McKAY, Circuit Judge.

Ramey Construction Company (Ramey) appeals from an adverse judgment of the district court. Following a lengthy, factually complex trial, the district judge adopt[466]*466ed nearly verbatim the defendants’ proposed findings of fact and conclusions of law. Ramey urges that the court’s verbatim adoption of the defendants’ proposals evinces an abdication of its judicial function and, in any case, that the court’s factual findings were clearly erroneous and its conclusions of law unfounded.

Ramey was a prime contractor for the construction of buildings on the Mescalero Apache Tribe’s reservation. Ramey contracted directly with the Tribe, as did several other prime contractors, including defendant Boyle Engineering Corporation (Boyle). In the course of its work, Ramey encountered significant delays, causing it to file the present breach of contract action. Ramey charges that the Tribe and Boyle, the design contractor, breached their contractual obligation to coordinate the work of the various prime contractors. As a result, Ramey alleges, delay built upon delay — to Ramey’s financial detriment. However, the trial court concluded that Ramey “failed to prove a legal right to recover against either defendant.” Record, vol. 5, at 1005, Conclusion 2.

The trial court adopted the defendants’ proposed findings of fact and conclusions of law with virtually no changes. Minor changes were made in capitalization, the wording (but not substance) of one conclusion of law (number 12), and the citation form for the Federal Rules of Civil Procedure. In addition, the final proposed conclusion of law, which was obviously conditional in form and was made unnecessary by the adoption of the remainder of the proposals, was deleted. Other than such superficial changes, however, the body of the proposals was adopted intact,1 and no legal authority was cited.

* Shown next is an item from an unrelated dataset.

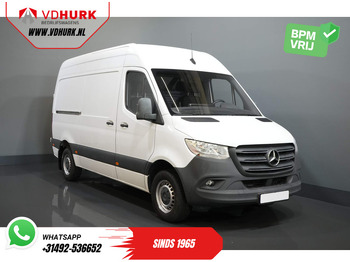 Küçük panelvan MERCEDES-BENZ Sprinter 314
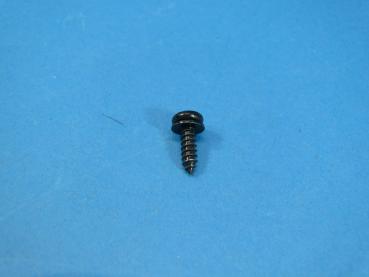 Linsenblechschraube ST4,8X16-Z1 BMW E21 E23 E24 E28 E30 E31 E32 E34 E36 E38 E39 E52 E53 X5 Z1 Z8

Verbatim adoption of a party’s proposed findings of fact and conclusions of law may be acceptable under some circumstances. “Those findings, though not the product of the workings of the district judge’s mind, are formally his; they are not to be rejected out-of-hand, and they will stand if supported by evidence.” United States v. El Paso Natural Gas Co., 376 U.S. 651, 656, 84 S.Ct. 1044, 1047, 12 L.Ed.2d 12 (1964); Norris Industries, Inc. v. Tappan Co., 599 F.2d 908, 909-10 (9th Cir. 1979). However, “[t]he mechanical adoption of a litigant’s findings is an abandonment of the duty imposed on trial judges by Rule 52, F.R.Civ.P., because findings so made fail to ‘reveal the discerning line for decision . .’ ” G. M. Leasing Corp. v. United States, 514 F.2d 935, 940 (10th Cir.), cert. granted on other grounds, 423 U.S. 1031, 96 S.Ct. 561, 46 L.Ed.2d 404 (1975) (quoting Kelson v. United States, 503 F.2d 1291, 1294-95 (10th Cir. 1974)).

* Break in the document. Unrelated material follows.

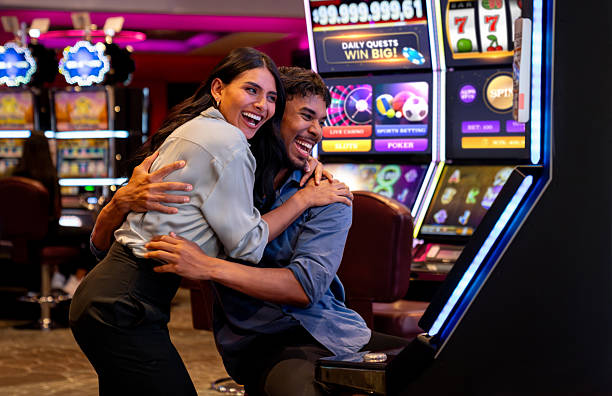 Live dealer at blackjack table in pc777 login studio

Appellate review of mechanically adopted findings is difficult. “Those [findings] drawn with the insight of a disinterested mind are . . more helpful to the appellate court.” United States v. El Paso Natural Gas Co., 376 U.S. at 656, 84 S.Ct. at 1047; Edward B. Marks Music Corp. v. Colorado Magnetics, Inc., 497 F.2d 285, 287 (10th Cir. 1974) (en banc), cert. denied, 419 U.S. 1120, 95 S.Ct. 801, 42 L.Ed.2d 819 (1975). However, the trial judge’s duty to make formal findings exists not only to aid appellate review. Rule 52 also seeks “to evoke care on the part of the trial judge in considering and adjudicating the facts in [467]*467dispute.” Featherstone v. Barash, 345 F.2d 246, 249 (10th Cir. 1965).2

The purpose of [Rule 52] is to require the trial judge to formulate and articulate his findings of fact and conclusions of law in the course of his consideration and determination of the case and as a part of his decision making process, so that he himself may be satisfied that he has dealt fully and properly with all the issues in the case before he decides it.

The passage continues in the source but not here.